§ **Task**
Each entry is to be retyped without alteration, and no picture is to be included.

::::

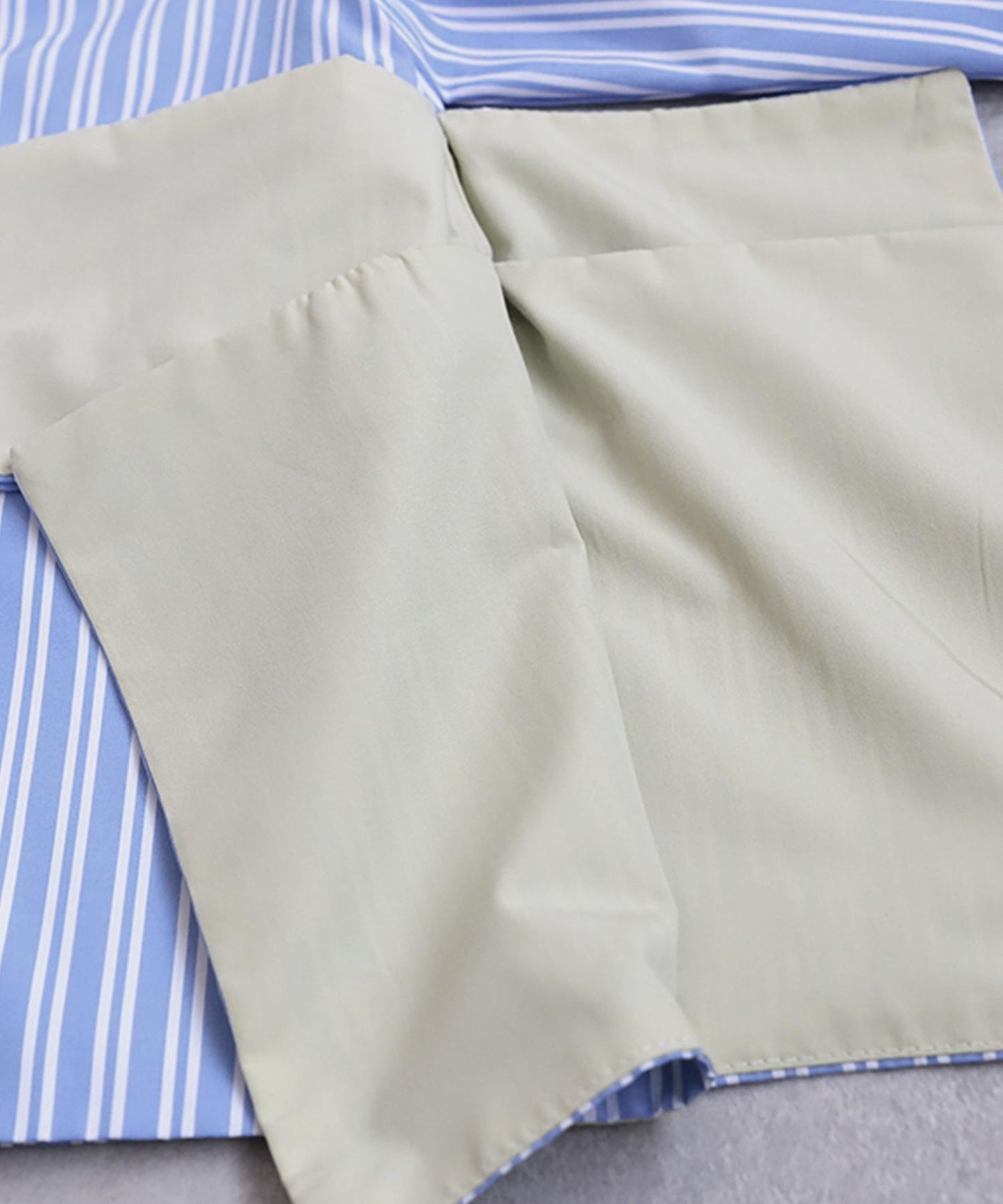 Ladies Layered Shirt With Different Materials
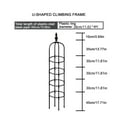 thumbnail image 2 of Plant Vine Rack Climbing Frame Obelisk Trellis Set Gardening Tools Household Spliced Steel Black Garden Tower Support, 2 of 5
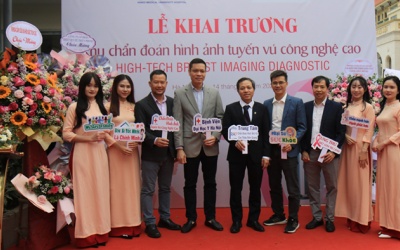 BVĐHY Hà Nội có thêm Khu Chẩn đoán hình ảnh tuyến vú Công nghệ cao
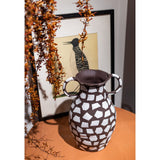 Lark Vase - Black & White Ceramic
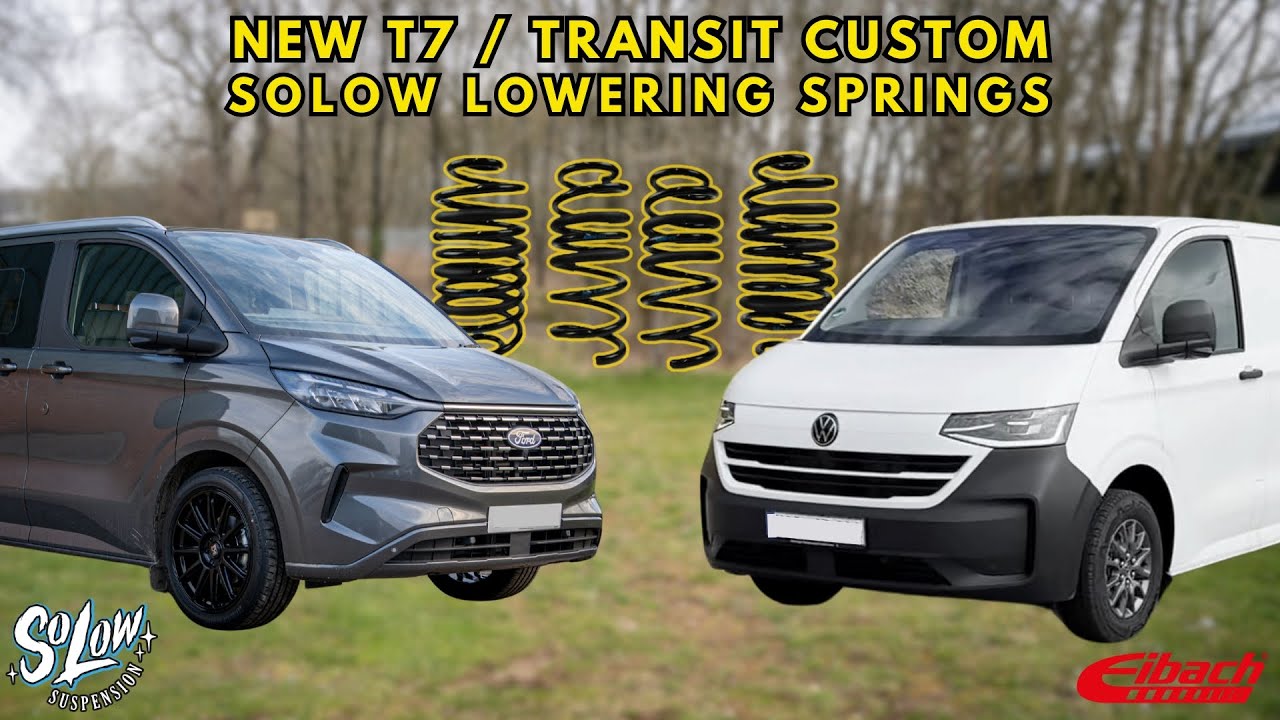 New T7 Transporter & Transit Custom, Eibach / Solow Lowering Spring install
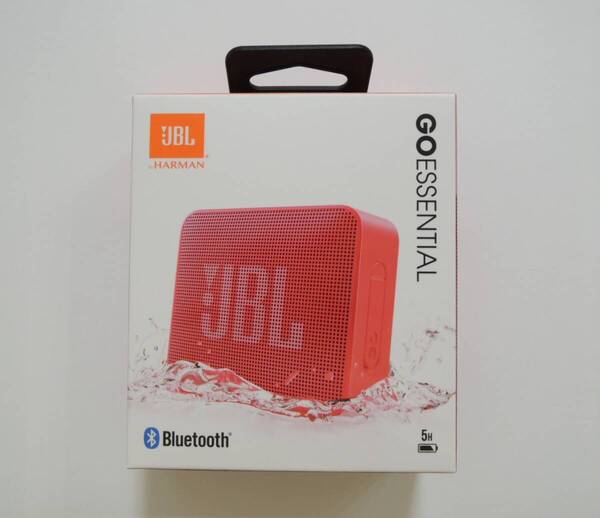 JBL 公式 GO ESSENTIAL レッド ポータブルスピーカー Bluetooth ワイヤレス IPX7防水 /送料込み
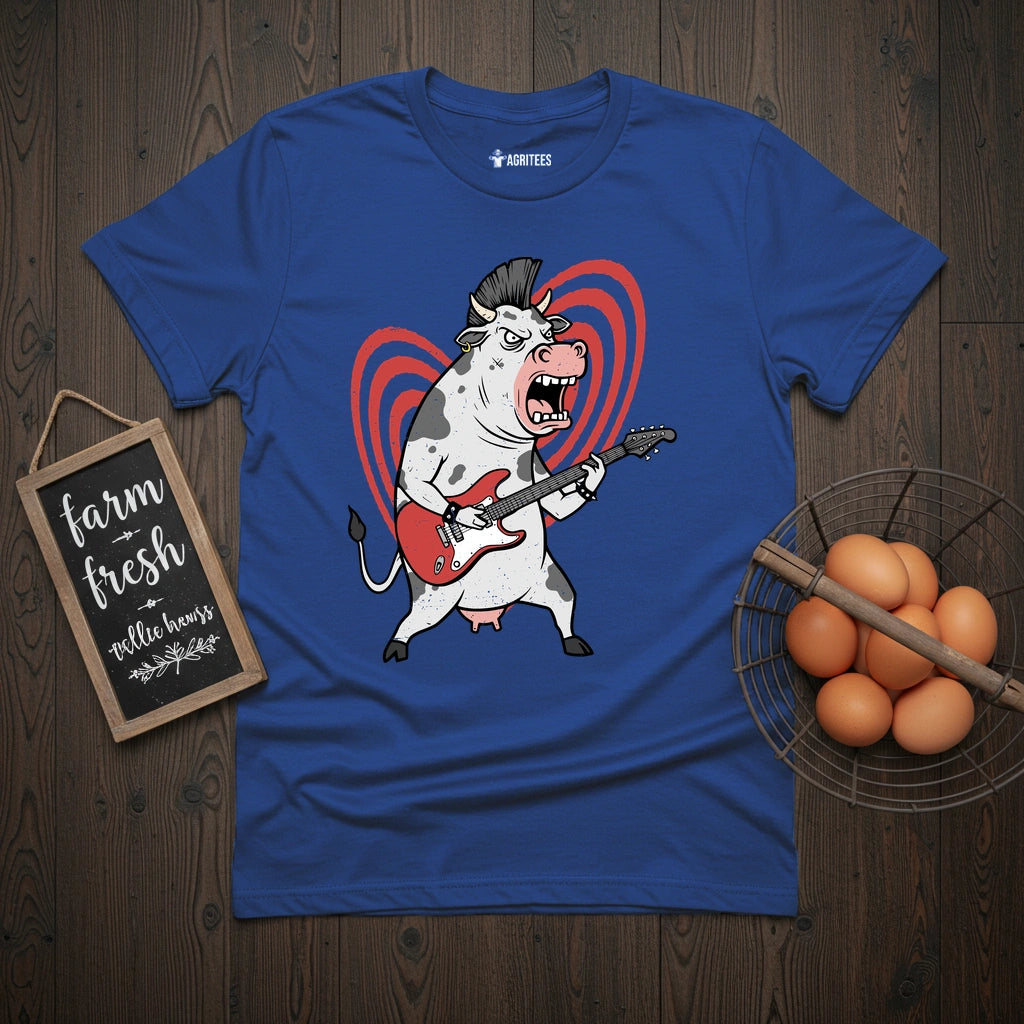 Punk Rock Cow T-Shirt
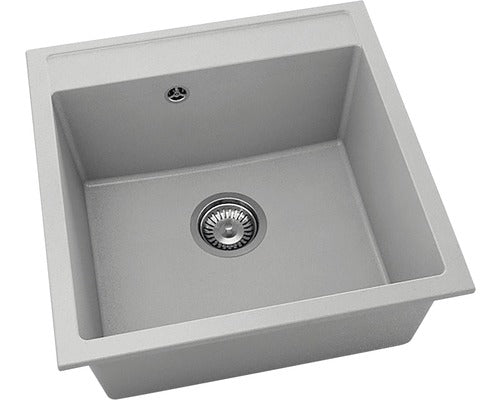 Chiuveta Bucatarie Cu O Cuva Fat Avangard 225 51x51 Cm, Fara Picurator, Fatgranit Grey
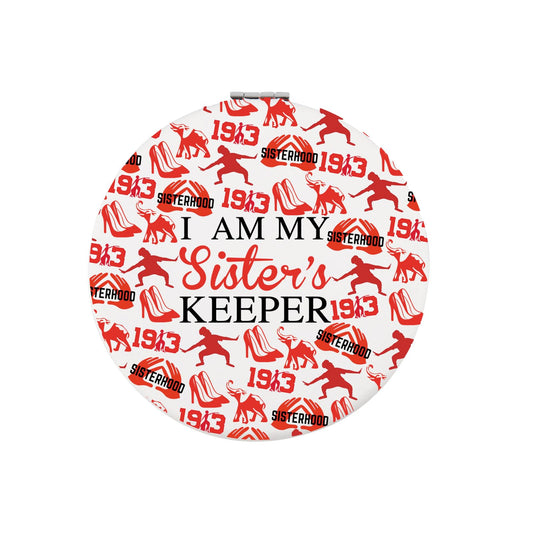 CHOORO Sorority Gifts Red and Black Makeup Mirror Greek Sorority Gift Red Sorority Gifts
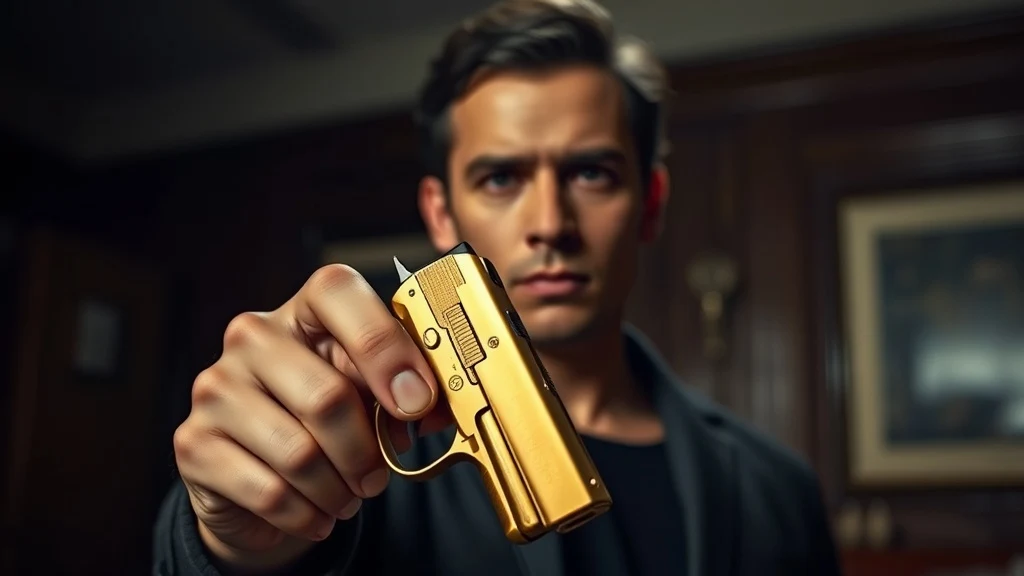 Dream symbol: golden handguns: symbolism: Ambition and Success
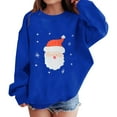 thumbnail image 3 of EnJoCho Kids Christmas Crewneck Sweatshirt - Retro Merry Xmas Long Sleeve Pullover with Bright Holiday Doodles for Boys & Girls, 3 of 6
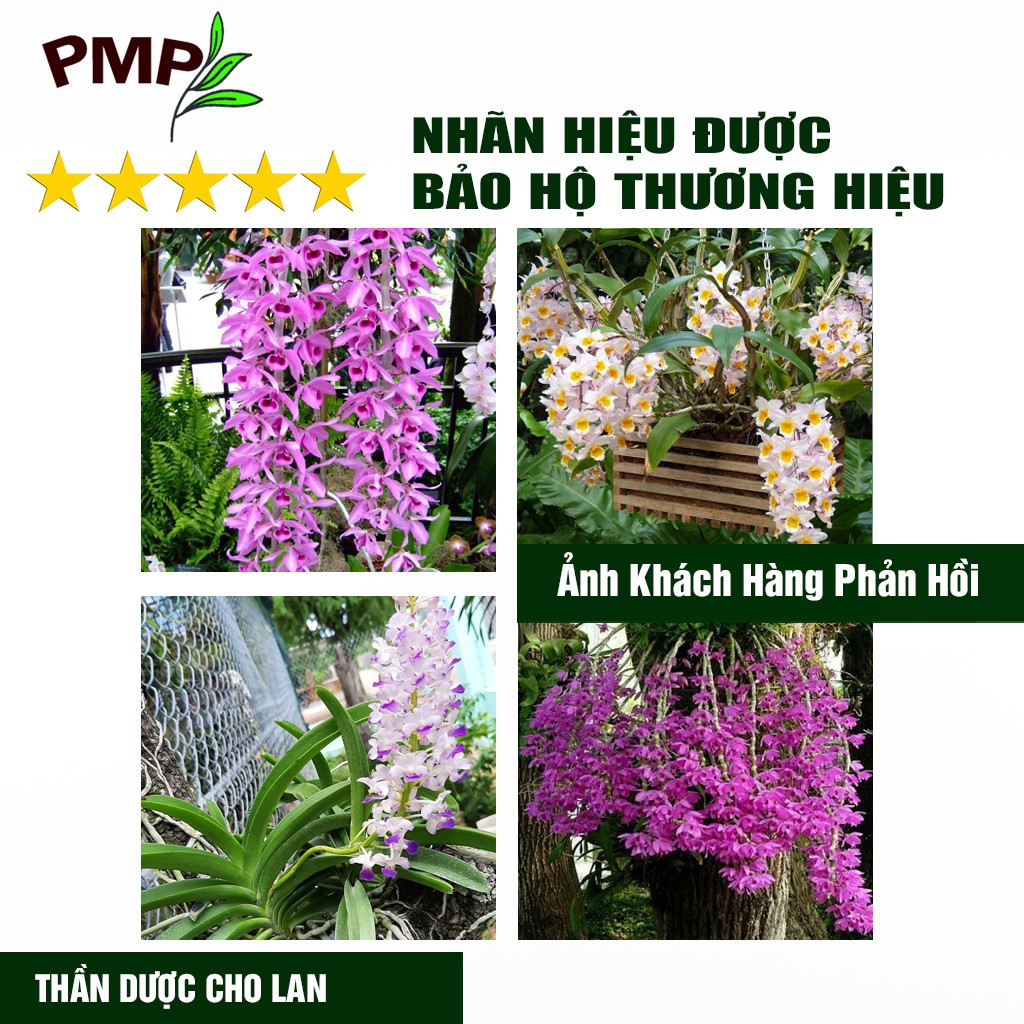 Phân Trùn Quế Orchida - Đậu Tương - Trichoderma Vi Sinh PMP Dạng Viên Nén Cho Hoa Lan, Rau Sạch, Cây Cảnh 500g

::::

§ **Result for this exercise**
 Ladies Layered Shirt With Different Materials
 thumbnail image 2 of Plant Vine Rack Climbing Frame Obelisk Trellis Set Gardening Tools Household Spliced Steel Black Garden Tower Support, 2 of 5
 BVĐHY Hà Nội có thêm Khu Chẩn đoán hình ảnh tuyến vú Công nghệ cao
 Lark Vase - Black & White Ceramic
 New T7 Transporter & Transit Custom, Eibach / Solow Lowering Spring install
 JBL 公式 GO ESSENTIAL レッド ポータブルスピーカー Bluetooth ワイヤレス IPX7防水 /送料込み
 Punk Rock Cow T-Shirt
 Chiuveta Bucatarie Cu O Cuva Fat Avangard 225 51x51 Cm, Fara Picurator, Fatgranit Grey
 CHOORO Sorority Gifts Red and Black Makeup Mirror Greek Sorority Gift Red Sorority Gifts
 Dream symbol: golden handguns: symbolism: Ambition and Success
 thumbnail image 3 of EnJoCho Kids Christmas Crewneck Sweatshirt - Retro Merry Xmas Long Sleeve Pullover with Bright Holiday Doodles for Boys & Girls, 3 of 6
 Phân Trùn Quế Orchida - Đậu Tương - Trichoderma Vi Sinh PMP Dạng Viên Nén Cho Hoa Lan, Rau Sạch, Cây Cảnh 500g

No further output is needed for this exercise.